You know, my arctic cat would smell like coolant and have white smoke coming out from near the engine almost every time I cranked it this winter.. I was worried sick first time it happened, It would do it for about 10 seconds then vanish never smelled it again until the bike was completely cold then it would do it again when I started the engine. Now that it's warm here in NC it hasn't done it once, it also never consumed any coolant, the radiator is completely full. 

Only thing I can figure is it was a tiny leak pooling somewhere on the engine and cooking off when the engine was started. Is your smoke coming from out of the exhaust pipe? If not it probably isn't a head gasket or other gasket failure if it's coming from the engine area you might have had a coolant leak, and now possibly an oil leak.


----------



## whoolieshop (Mar 22, 2011)

What color is the smoke? Water is white smoke, oil will have a blue tint.


----------



## Tonymarucio (May 7, 2011)

Yea it's a blue tint to it and it only smokes when it warms up when you first start it no smoke what so ever no power loss at all.


----------



## whoolieshop (Mar 22, 2011)

Possibly a worn valve seal? Perhaps a little oil is leaking down into the cylinder being burned off at startup? Adjusting your valves might help this, if it's the rings or cylinder typically you'll get smoke all the time.


----------



## Rack High (Feb 23, 2010)

Sounds like it could be worn valve stem guides. Pondtunes situation sounds like a blown head gasket.


----------



## Tonymarucio (May 7, 2011)

So if the guides are worn it will only smoke once the machine warms up???


----------



## Tonymarucio (May 7, 2011)

The smoke comes out of the muffler pondtunes .


----------



## whoolieshop (Mar 22, 2011)

Tonymarucio said:


> So if the guides are worn it will only smoke once the machine warms up???



Hmmm.... No I would assume that it would smoke only on start up with worn valve guides due to oil seeping into the cylinder while it was parked. Smoking while warm would make me lean towards ring blowby, I could be completely off here.

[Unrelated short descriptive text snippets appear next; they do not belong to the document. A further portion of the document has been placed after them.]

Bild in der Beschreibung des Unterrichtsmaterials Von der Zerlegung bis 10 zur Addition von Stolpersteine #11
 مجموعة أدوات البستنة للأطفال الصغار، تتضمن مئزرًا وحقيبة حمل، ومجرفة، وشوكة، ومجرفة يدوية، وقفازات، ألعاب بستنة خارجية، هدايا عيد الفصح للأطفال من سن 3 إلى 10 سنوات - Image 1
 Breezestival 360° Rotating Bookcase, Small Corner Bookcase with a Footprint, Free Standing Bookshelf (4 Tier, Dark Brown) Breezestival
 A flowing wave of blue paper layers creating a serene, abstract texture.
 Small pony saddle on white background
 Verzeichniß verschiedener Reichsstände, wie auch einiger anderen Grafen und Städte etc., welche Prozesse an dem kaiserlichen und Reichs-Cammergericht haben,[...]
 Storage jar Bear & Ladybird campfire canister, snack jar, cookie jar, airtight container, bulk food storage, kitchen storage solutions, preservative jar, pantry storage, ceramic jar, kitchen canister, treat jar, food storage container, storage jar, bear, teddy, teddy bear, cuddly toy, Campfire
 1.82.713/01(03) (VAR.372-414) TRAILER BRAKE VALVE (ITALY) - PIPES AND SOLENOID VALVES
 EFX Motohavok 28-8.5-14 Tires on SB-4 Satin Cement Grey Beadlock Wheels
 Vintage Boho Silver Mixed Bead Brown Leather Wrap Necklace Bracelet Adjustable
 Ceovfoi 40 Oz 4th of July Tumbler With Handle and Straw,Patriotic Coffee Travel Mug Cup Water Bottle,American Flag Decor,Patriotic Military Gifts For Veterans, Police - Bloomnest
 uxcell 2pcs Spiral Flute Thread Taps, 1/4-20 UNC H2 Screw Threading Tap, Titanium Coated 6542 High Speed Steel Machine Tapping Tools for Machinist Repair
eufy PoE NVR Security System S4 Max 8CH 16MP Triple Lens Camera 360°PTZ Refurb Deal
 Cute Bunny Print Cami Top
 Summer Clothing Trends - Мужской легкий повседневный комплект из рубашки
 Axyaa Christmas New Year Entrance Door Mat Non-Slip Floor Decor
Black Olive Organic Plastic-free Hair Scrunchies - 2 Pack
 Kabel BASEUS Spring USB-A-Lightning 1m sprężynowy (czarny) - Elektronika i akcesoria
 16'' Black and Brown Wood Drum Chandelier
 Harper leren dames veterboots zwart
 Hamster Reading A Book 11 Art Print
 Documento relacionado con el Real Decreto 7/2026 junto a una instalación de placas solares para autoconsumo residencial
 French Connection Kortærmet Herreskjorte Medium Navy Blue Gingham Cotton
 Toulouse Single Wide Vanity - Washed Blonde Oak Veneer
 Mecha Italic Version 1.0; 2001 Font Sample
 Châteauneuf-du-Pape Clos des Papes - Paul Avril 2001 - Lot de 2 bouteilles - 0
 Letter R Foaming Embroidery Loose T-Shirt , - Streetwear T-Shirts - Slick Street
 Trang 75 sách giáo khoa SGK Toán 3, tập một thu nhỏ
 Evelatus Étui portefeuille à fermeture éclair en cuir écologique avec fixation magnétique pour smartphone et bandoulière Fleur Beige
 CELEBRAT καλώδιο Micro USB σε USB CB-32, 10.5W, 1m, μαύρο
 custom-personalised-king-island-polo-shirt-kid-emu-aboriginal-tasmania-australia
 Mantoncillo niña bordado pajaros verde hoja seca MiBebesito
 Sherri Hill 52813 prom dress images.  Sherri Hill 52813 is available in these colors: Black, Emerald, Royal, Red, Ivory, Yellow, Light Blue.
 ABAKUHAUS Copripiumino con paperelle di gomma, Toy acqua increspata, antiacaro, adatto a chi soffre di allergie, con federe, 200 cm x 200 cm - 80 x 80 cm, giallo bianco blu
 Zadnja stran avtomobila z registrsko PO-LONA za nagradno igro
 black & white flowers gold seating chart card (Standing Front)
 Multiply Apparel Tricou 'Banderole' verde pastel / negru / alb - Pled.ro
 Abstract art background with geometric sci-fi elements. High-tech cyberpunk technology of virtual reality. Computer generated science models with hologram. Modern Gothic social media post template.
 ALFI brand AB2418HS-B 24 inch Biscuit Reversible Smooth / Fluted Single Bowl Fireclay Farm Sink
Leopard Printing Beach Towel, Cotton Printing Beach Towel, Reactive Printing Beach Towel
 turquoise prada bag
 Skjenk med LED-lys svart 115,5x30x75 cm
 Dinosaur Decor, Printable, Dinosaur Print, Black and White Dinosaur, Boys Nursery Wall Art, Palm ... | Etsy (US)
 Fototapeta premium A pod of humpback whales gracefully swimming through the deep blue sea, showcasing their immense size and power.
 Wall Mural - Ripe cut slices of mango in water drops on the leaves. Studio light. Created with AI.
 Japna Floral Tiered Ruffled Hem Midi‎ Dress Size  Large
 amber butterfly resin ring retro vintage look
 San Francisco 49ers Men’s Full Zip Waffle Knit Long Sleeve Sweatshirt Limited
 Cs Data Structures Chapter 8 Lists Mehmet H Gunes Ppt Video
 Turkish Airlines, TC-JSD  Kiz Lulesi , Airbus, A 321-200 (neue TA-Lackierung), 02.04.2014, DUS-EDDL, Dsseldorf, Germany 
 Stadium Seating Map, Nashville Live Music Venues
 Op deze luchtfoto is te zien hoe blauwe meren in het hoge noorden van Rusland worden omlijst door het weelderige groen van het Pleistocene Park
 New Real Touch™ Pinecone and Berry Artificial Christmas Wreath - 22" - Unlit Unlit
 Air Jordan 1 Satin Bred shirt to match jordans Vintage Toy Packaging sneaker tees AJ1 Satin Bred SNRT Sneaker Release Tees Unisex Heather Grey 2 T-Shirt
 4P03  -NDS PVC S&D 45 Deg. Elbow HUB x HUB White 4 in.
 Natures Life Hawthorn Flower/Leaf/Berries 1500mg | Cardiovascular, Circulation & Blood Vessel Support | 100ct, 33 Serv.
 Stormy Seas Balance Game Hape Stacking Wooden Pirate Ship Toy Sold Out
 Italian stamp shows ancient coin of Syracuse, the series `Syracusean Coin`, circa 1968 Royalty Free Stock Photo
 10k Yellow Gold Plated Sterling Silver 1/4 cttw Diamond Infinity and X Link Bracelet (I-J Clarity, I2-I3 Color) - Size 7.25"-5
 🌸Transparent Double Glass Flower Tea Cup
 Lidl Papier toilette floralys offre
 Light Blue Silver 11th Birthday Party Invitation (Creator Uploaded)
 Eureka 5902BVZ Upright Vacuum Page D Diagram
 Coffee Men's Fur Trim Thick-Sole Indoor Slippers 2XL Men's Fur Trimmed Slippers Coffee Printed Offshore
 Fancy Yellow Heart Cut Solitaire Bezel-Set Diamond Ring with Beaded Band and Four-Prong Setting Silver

As for my situation I assumed a head gasket too but it's since stopped doing it now that its warm outside, my smoke wasn't coming out of the tail pipe.


----------



## Tonymarucio (May 7, 2011)

Well will a compression test tell me rings??? I'm going to do one when I'm off work. And thanks guys for all the help so far


----------



## J2! (May 8, 2010)

Yes a compression test will tell you if it's the rings or not. When you pump it full of air, pull your dipstick out and put your thumb over the hole, if there is air coming out of the crankcase then you have a ring problem (it will buid up pressure), air coming out the exhaust or carbs, it's a valve problem. Hope this helps.


----------



## Madbrute (Dec 19, 2010)

A pluged crankcase vent tube will cause that also.


----------



## Tonymarucio (May 7, 2011)

Ok guys thanks it's not the crank case tube I feel it blowing think it's rings Ill have to do a comp test tomorrow cuz I have to make an attachment for my tester I will let you know guys.


----------



## Roboquad (Sep 8, 2009)

OK... so you had* no* blue smoke on your first time around._ *white*_ smoke only. this would lead me to believe you mis installed something when the bike went back together.the tubes where the oil meets the cams have rubber seals and could have not made it all the way, the gasket could be wrong or up side down. Piston would catch on the edge.(happened to me) the rings may have been bumped where the gaps are all on the same side. Not major but your gonna have to pull the heads again. I would also suggest a light coat of copper coat for your next set of new gaskets. be sure it does not come back. check each pipe to see which has oil in it and work your way back from there...


----------



## Tonymarucio (May 7, 2011)

k i did use copper coat on them i will do just that dude after my comp test thanks roboquad


----------



## Tonymarucio (May 7, 2011)

So I did a comp test today and it's 50 psi rear and 55 front that's within the speck so any ideas guys???


----------



## Tonymarucio (May 7, 2011)

F' it lol it's comming apart tomorrow


----------



## Roboquad (Sep 8, 2009)

You will prob be pizzeded to find something so easy went wrong, also check for a split ring. Sounds like the front to me. Let us know...pics .....


----------



## Tonymarucio (May 7, 2011)

Ok dude thanks alot she's comming apart once I'm off work I will keep you guys posted and I'll post up pics of what I find thanks again


----------



## swampthing (May 2, 2010)

Hey Tony, nice to see ya here at MIMB. I'd like to know what the **** is happenin with it also...I'm out of ideas..Where are the mods?? nmkawierider or phreebsd could probably give more help. Good luck pal n let us know


----------



## Tonymarucio (May 7, 2011)

[email protected] other then that all stock bro if my valves are not adjusted right can it smoke when it warms up???


----------



## NMKawierider (Apr 11, 2009)

Sounds more like a ring problem to me. Either stuck or broken. Or a scare in a cylinder.


----------



## Tonymarucio (May 7, 2011)

So I have a few scares in my cylinder not to bad though so how "deep" is too deep on scaring


----------



## Tonymarucio (May 7, 2011)




----------



## NMKawierider (Apr 11, 2009)

I see some pretty bad scares in the third pic. Remember the rings do not seal those. They are trenches to either site of the rings that fill with oil on every stroke....but..by themselves, they shouldn't make enough to hardly see..but definite oil loss.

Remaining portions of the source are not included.